Currently only these three default monitors are configurable for the watchdog.
Configuration
Watchdog Settings
The watchdog can be configured from the top-level configuration context in the CLI.
example:/#> configure example:/config/#> watchdog example:/config/watchdog/#>
Syntax
[no] enable
-
Enable or disable watchdog daemon.
Default: enabled.
- no
- Disable the watchdog.
[no] interval [SEC]
-
Set watchdog kick interval, seconds.
The time between kicks from watchdogd to the kernel wdt driver. Recommended to set to 1/3 of the kernel wdt timeout.
Min: 1 sec, Max: 128 sec, Default: 20 sec.
- no
- Reset to the default value: 20.
- SEC
- Time in seconds within the allowed range: 1-128.
[no] timeout [SEC]
-
Set kernel wdt timeout, seconds.
The timeout before the kernel watchdog timer elapses. This can be an external hardware watchdog, depending on the device.

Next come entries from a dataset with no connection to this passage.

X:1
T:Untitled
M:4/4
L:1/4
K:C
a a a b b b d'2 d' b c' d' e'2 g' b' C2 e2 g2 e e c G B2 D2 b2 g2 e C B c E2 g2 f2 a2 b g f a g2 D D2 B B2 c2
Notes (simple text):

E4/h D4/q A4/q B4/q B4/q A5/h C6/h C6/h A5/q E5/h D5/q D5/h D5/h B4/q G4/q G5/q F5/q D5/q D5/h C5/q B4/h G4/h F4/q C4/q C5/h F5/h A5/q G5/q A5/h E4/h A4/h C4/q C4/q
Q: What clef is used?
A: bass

Recommended to set to 10 seconds or greater.
Min: 1 sec, Max: 128 sec, Default: 60 sec.
- no
- Reset to the default value: 60.
- SEC
- Time in seconds within the allowed range: 1-128.

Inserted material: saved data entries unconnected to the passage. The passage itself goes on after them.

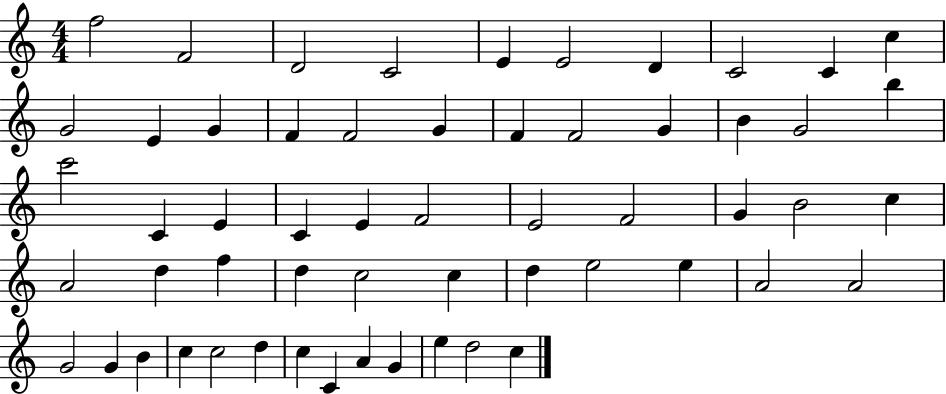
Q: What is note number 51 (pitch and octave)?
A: C5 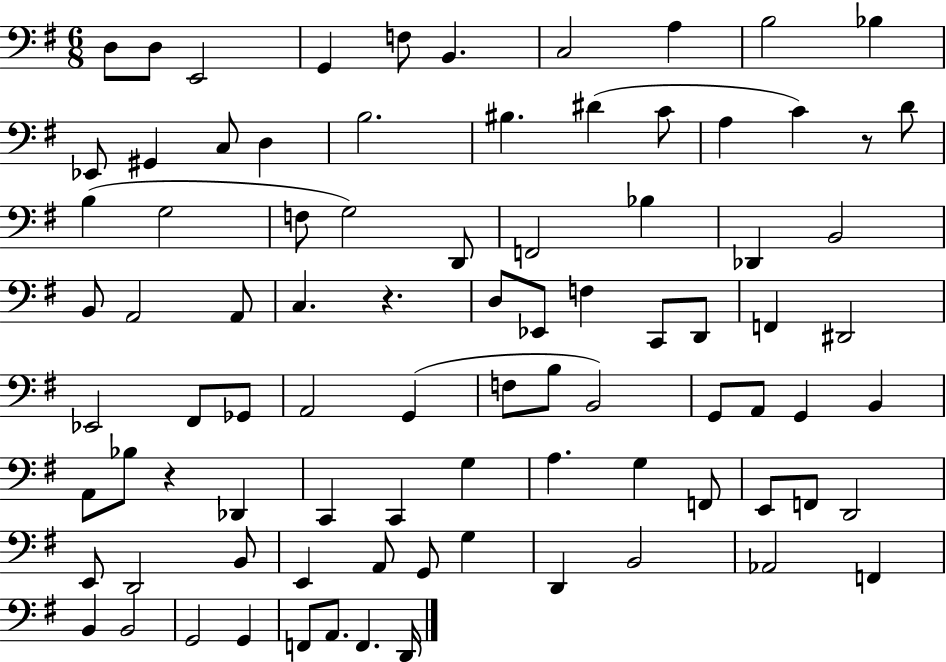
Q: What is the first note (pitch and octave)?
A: D3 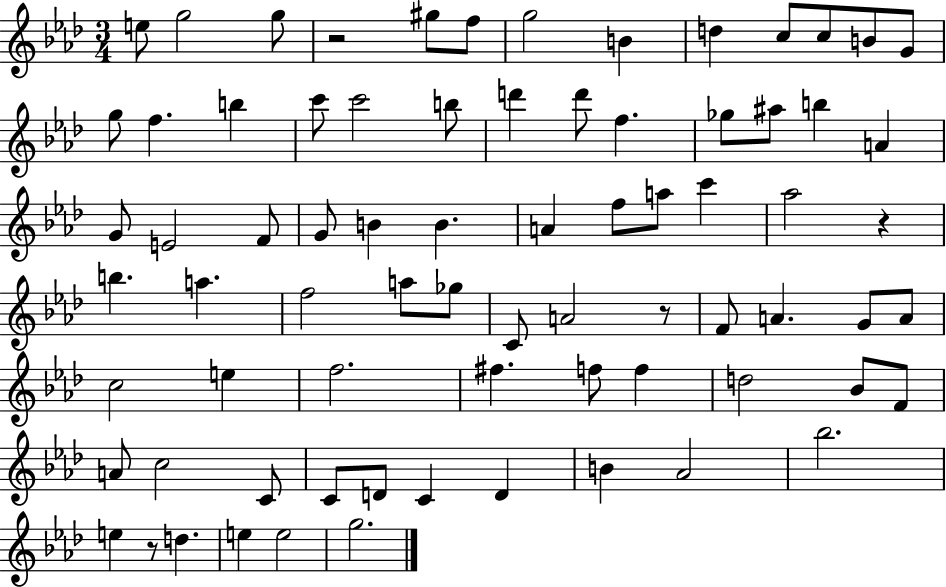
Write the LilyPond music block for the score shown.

{
  \clef treble
  \numericTimeSignature
  \time 3/4
  \key aes \major
  e''8 g''2 g''8 | r2 gis''8 f''8 | g''2 b'4 | d''4 c''8 c''8 b'8 g'8 | \break g''8 f''4. b''4 | c'''8 c'''2 b''8 | d'''4 d'''8 f''4. | ges''8 ais''8 b''4 a'4 | \break g'8 e'2 f'8 | g'8 b'4 b'4. | a'4 f''8 a''8 c'''4 | aes''2 r4 | \break b''4. a''4. | f''2 a''8 ges''8 | c'8 a'2 r8 | f'8 a'4. g'8 a'8 | \break c''2 e''4 | f''2. | fis''4. f''8 f''4 | d''2 bes'8 f'8 | \break a'8 c''2 c'8 | c'8 d'8 c'4 d'4 | b'4 aes'2 | bes''2. | \break e''4 r8 d''4. | e''4 e''2 | g''2. | \bar "|."
} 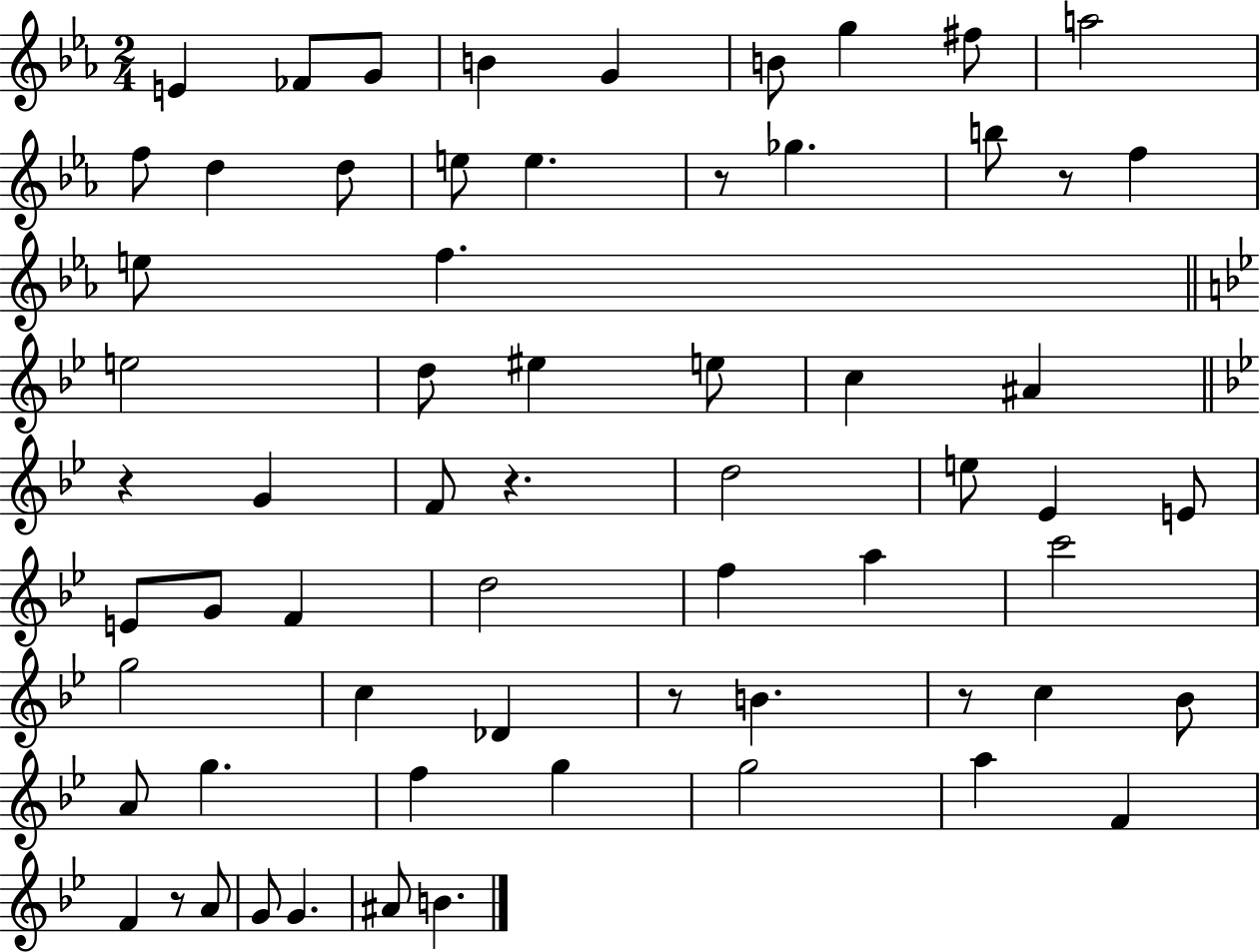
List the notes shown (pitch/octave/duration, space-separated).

E4/q FES4/e G4/e B4/q G4/q B4/e G5/q F#5/e A5/h F5/e D5/q D5/e E5/e E5/q. R/e Gb5/q. B5/e R/e F5/q E5/e F5/q. E5/h D5/e EIS5/q E5/e C5/q A#4/q R/q G4/q F4/e R/q. D5/h E5/e Eb4/q E4/e E4/e G4/e F4/q D5/h F5/q A5/q C6/h G5/h C5/q Db4/q R/e B4/q. R/e C5/q Bb4/e A4/e G5/q. F5/q G5/q G5/h A5/q F4/q F4/q R/e A4/e G4/e G4/q. A#4/e B4/q. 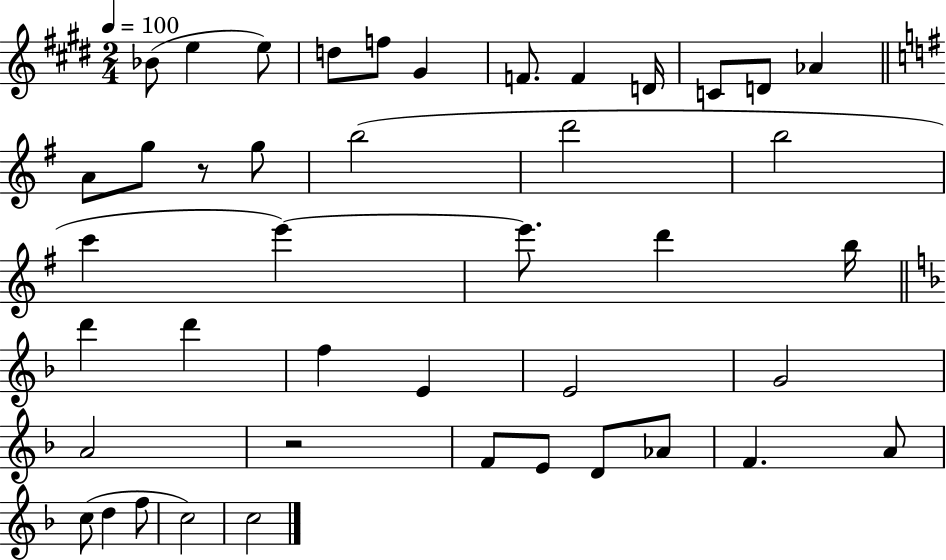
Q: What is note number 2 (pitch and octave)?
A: E5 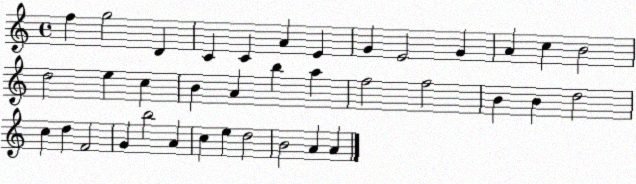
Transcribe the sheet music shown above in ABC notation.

[show] monitor [loadavg | meminfo | filenr]
-
Handle watchdog monitors.
Note
Enters a sub-configuration context.
- show
- Show the configured monitors.
loadavg
- Monitor for average CPU load.
meminfo
- Monitor for memory usage.
filenr
- Monitor for file descriptor count.
Monitor Settings
The monitors can be configured from the watchdog configuration context in the CLI. When entering the monitor context a existing monitor name must be provided.
example:/#> configure example:/config/#> watchdog example:/config/watchdog/#> monitor NAME example:/config/watchdog/monitor-NAME/#>
Syntax
[no] enable
-
Enable or disable the monitor.
Default: Enabled.
- no
- Disable the monitor.
[no] interval [SEC]
-
Set the monitor interval.
Default: 3600 seconds.
- no
- Reset to the default value..
- SEC
- Time value in seconds.
[no] description [STRING]
-
Free form description of this watchdog monitor.
- no
- Remove any defined description.
- STRING
- Free from string.
[no] logmark
-
Enable or disable logging to at the configured
interval
.Default: Enabled.
- no
- Disable logging.
[no] warning [PERCENTAGE]
-
Set the percentage when to trigger a warning.
If this threshold is exceeded, a warning will be logged at the next
interval
invocation.- no
- Disable the warning.
- PERCENTAGE
-
Percentage value in the range
1
-100
.Note
For a
loadavg
monitor, the maximum percentage value is dependent on the number of CPU cores in the product. As an example, two cores would produce a max value of 200%.
Status
The current status of the watchdog can be observed from the top level in the CLI:
example:/#> show watchdog Status : Enabled Timeout (sec) : 60 Kick interval : 20 Watchdog ID : 0 Boot counter : 821 Reset counter : 1 Reset date : 2019-06-18T09:05:12Z Reset reason : 6 - Forced reset PID : 1 Label : init
The boot counter will be incremented on all boots, both Power on Reset (cold boot) and after a watchdog reset. The reset counter is only incremented on watchdog reset. And set to 0 on a Power on Reset. A reboot from cli will also increment the reset counter since it uses the watchdog for power cycling. The reset reason will differ though. A reboot will be “6 - Forced reset” and real watchdog reset will show as “7 - Unknown failure”. See Reset Information for reset reason for watchdogd.